■ WORK TO BE COMPLETED:
Instruction for the listing below: copy exactly, and only, the lines from the one holding "[245318-1739425] VHT Wrinkle" through its last line, omitting any picture.

■ EXTRACTED MATERIAL:
****************

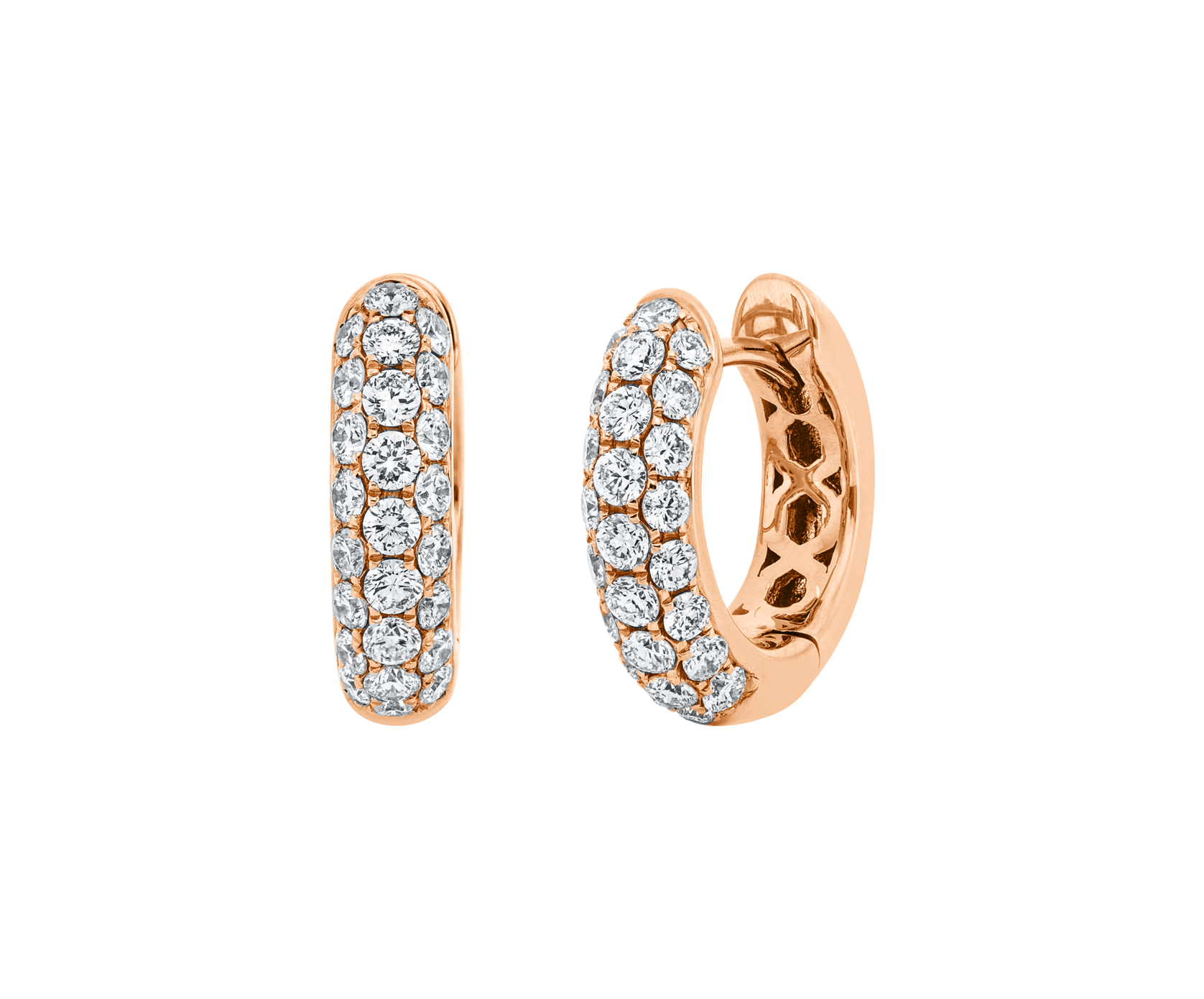 Brogle Classic Diamantcreolen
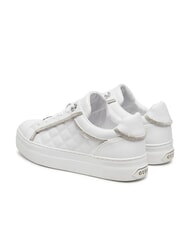 GUESS GRATEA Zapatillas acolchadas con plataforma blanco - Zapatos Mujer - 4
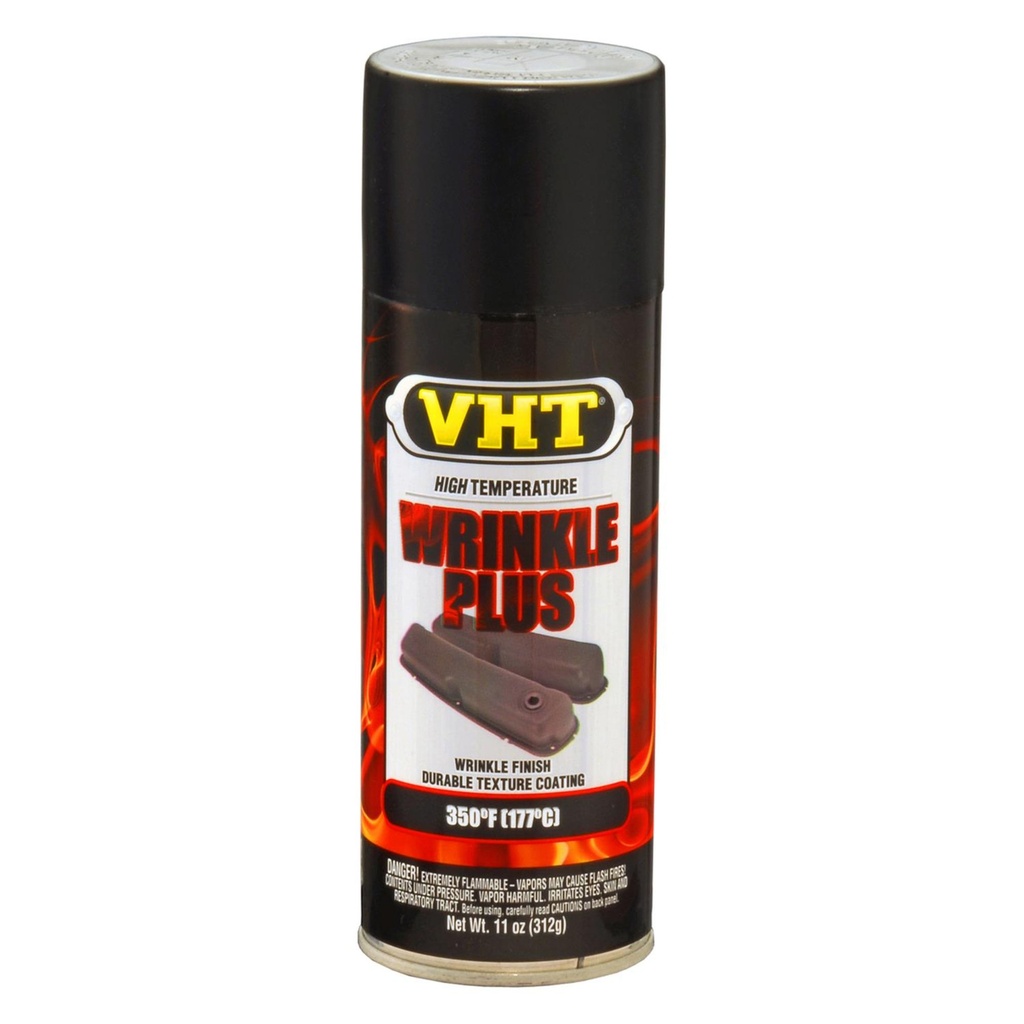 [245318-1739425] VHT Wrinkle Finish Paint (Black)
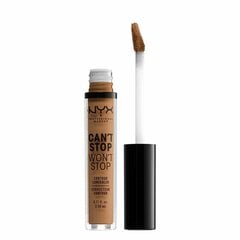 NYX Can't Stop Won't Stop Contour Concealer Warm Honey 3,5 мл цена и информация | Пудры, базы под макияж | 220.lv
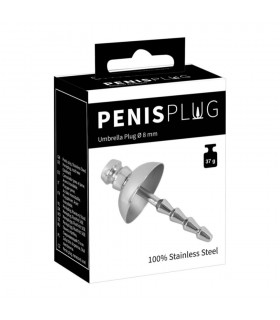 Plug Pénis Ombrelle Métal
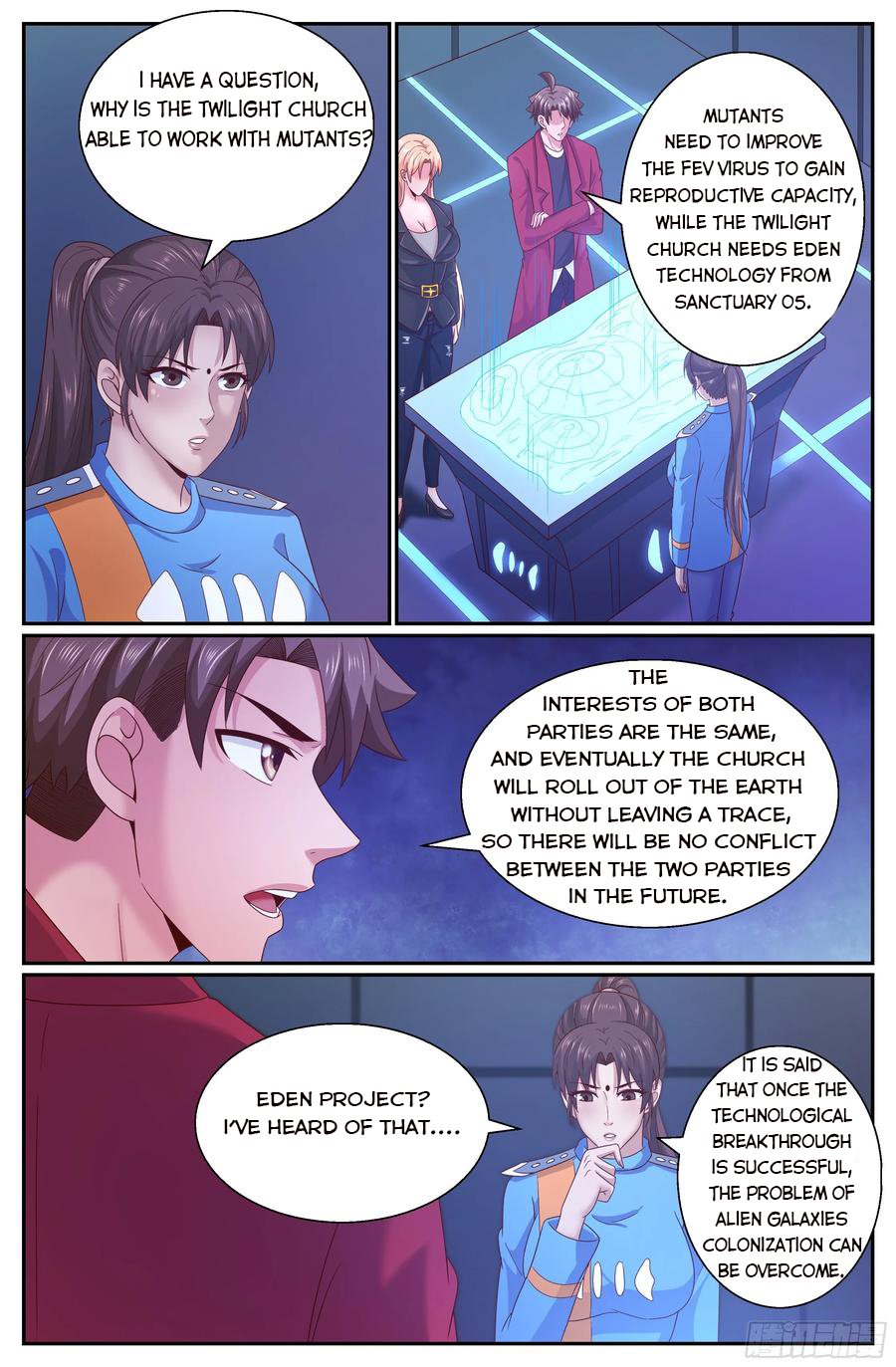 I Have a Mansion In The Post-Apocalyptic World chapter 286 page 11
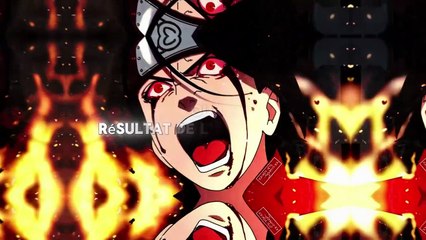 SARADA UCHIHA RÉVEILLE LE SUPRÊME RINNEGAN - BORUTO NARUTO -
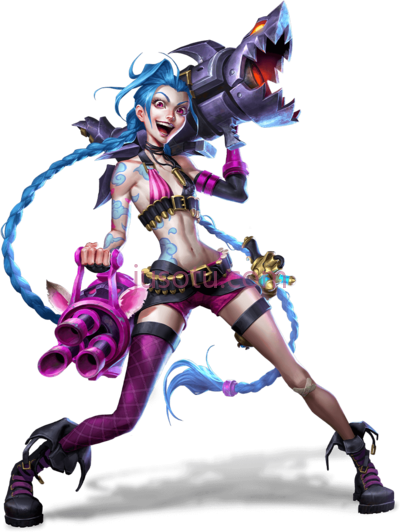 英雄联盟,jinx lol PNG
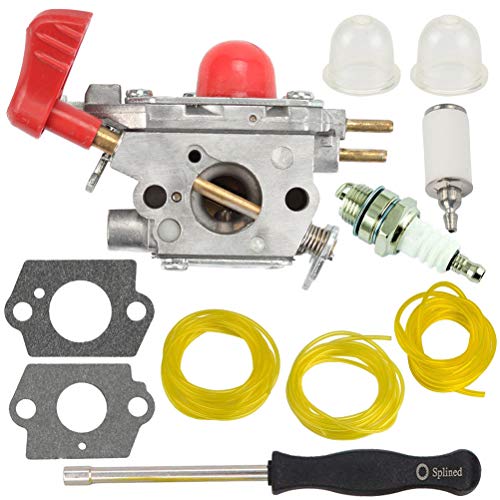 TOPEMAI BVM200FE Carburetor for Craftsman 545081857 Zama C1U-W43 Poulan Gas Blower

****************

■ TASK SOLUTION:
 [245318-1739425] VHT Wrinkle Finish Paint (Black)
 NYX Can't Stop Won't Stop Contour Concealer Warm Honey 3,5 мл цена и информация | Пудры, базы под макияж | 220.lv
 Plug Pénis Ombrelle Métal
 I Have a Mansion In The Post-Apocalyptic World chapter 286 page 11
 SARADA UCHIHA RÉVEILLE LE SUPRÊME RINNEGAN - BORUTO NARUTO -
 英雄联盟,jinx lol PNG
 TOPEMAI BVM200FE Carburetor for Craftsman 545081857 Zama C1U-W43 Poulan Gas Blower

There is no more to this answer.